● Aim of the task: Reproduce the lines below exactly, from the one containing "Soft-cream t-shirt with" through the one containing "Letto o letti", both included. Leave out any pictures.

(Records supplied Opens)

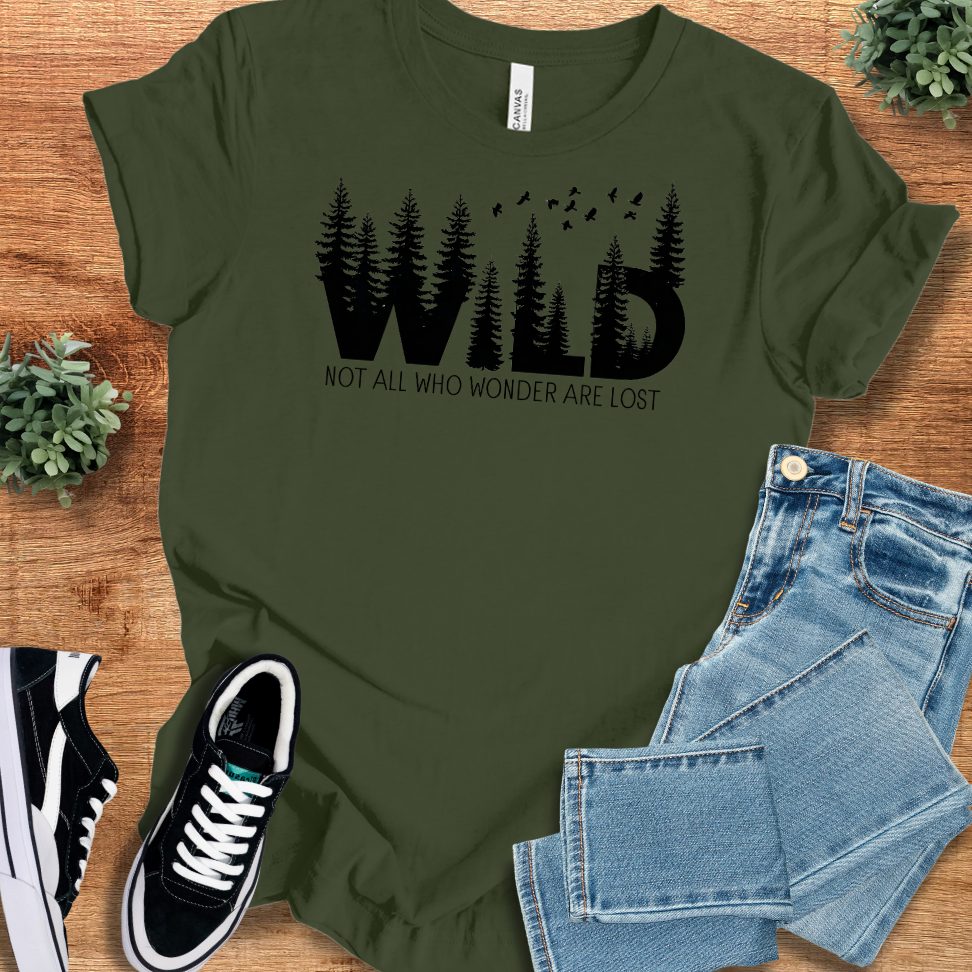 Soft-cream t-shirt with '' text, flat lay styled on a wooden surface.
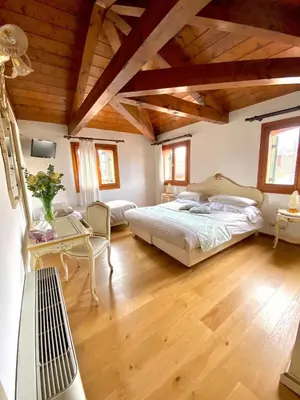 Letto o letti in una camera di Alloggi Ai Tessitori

(Records supplied Closes)
(Records supplied Opens)

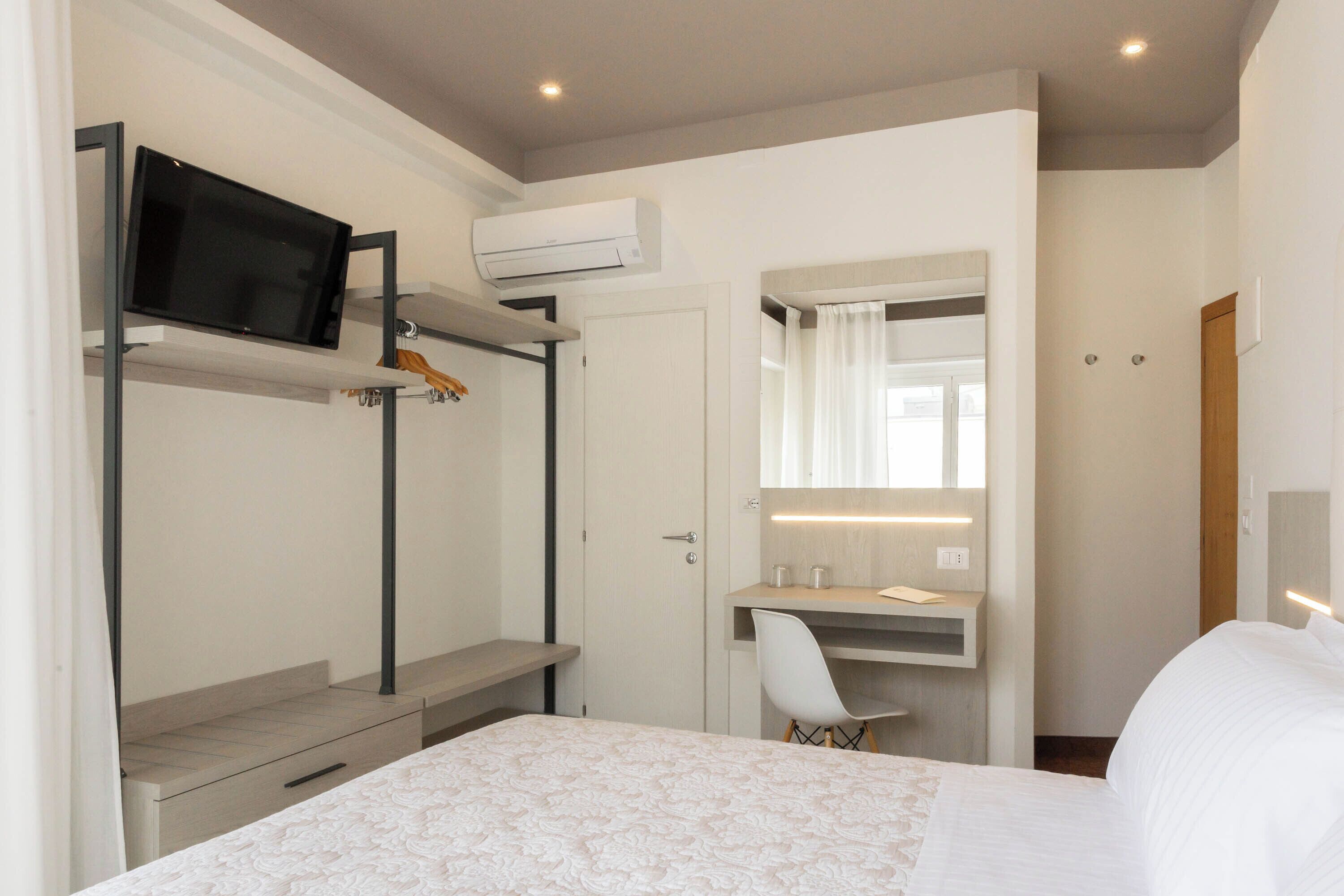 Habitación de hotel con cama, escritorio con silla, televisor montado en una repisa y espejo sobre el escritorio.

(Records supplied Closes)
(Records supplied Opens)

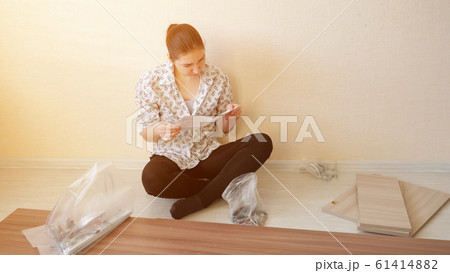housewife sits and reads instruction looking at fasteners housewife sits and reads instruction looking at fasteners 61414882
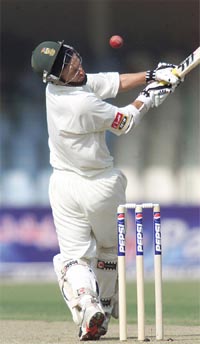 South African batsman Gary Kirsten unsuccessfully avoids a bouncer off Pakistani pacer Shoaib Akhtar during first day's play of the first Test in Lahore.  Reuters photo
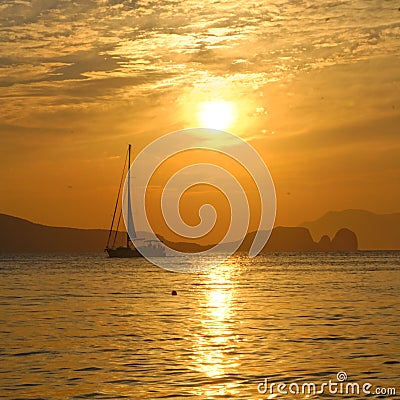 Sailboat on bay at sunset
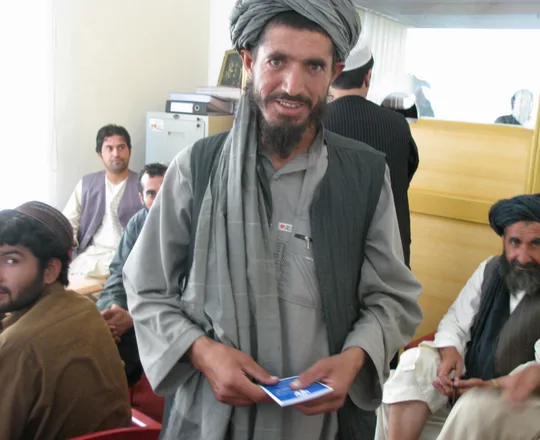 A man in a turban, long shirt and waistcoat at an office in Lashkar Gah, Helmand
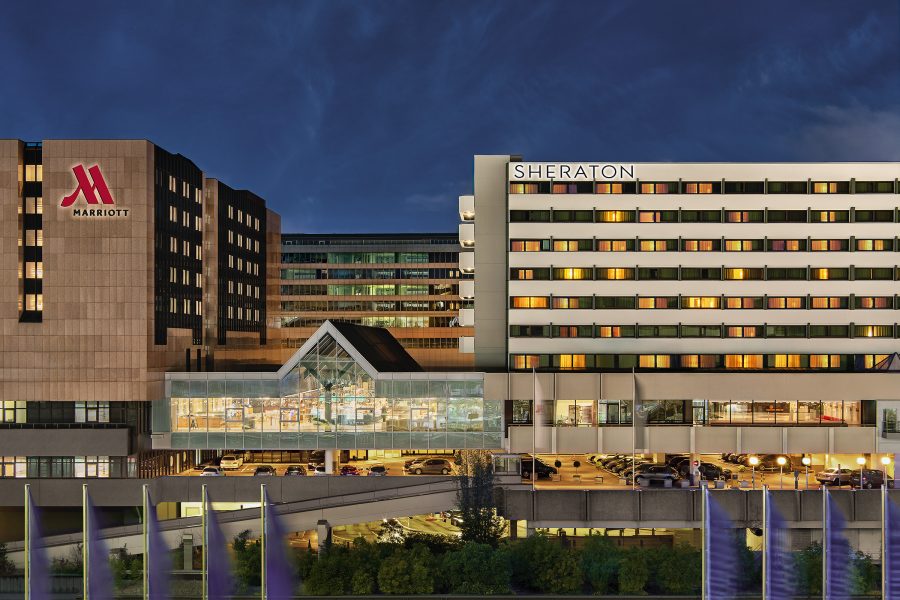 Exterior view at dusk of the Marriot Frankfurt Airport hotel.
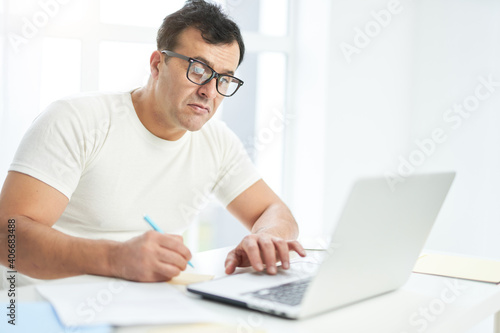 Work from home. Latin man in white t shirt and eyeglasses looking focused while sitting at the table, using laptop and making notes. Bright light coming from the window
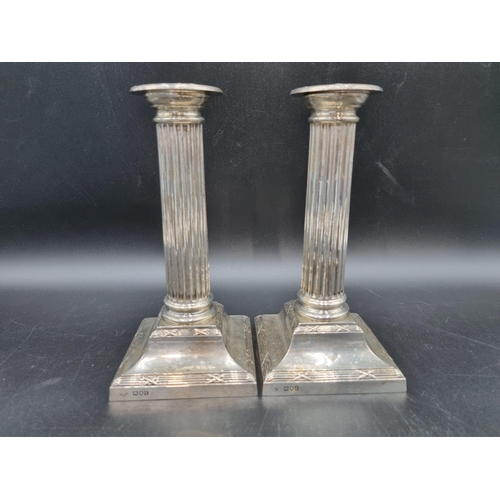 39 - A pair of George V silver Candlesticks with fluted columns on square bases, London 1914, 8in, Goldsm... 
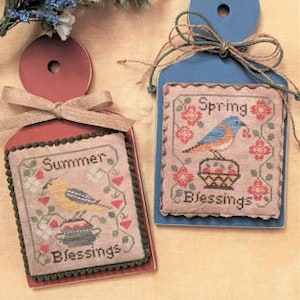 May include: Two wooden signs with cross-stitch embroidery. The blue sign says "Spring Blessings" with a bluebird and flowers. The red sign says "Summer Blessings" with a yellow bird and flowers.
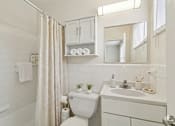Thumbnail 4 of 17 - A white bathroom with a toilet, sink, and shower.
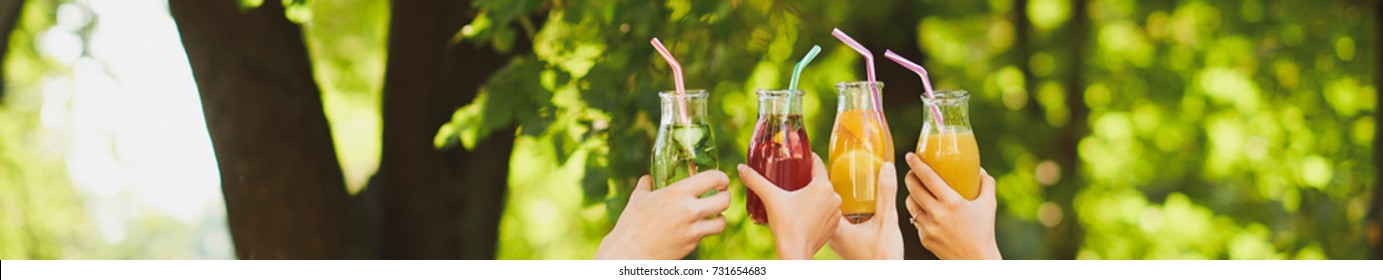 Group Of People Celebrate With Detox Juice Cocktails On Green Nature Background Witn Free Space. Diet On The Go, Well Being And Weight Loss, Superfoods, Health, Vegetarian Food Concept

(Records supplied Closes)

● Reply:
 Soft-cream t-shirt with '' text, flat lay styled on a wooden surface.
 Letto o letti in una camera di Alloggi Ai Tessitori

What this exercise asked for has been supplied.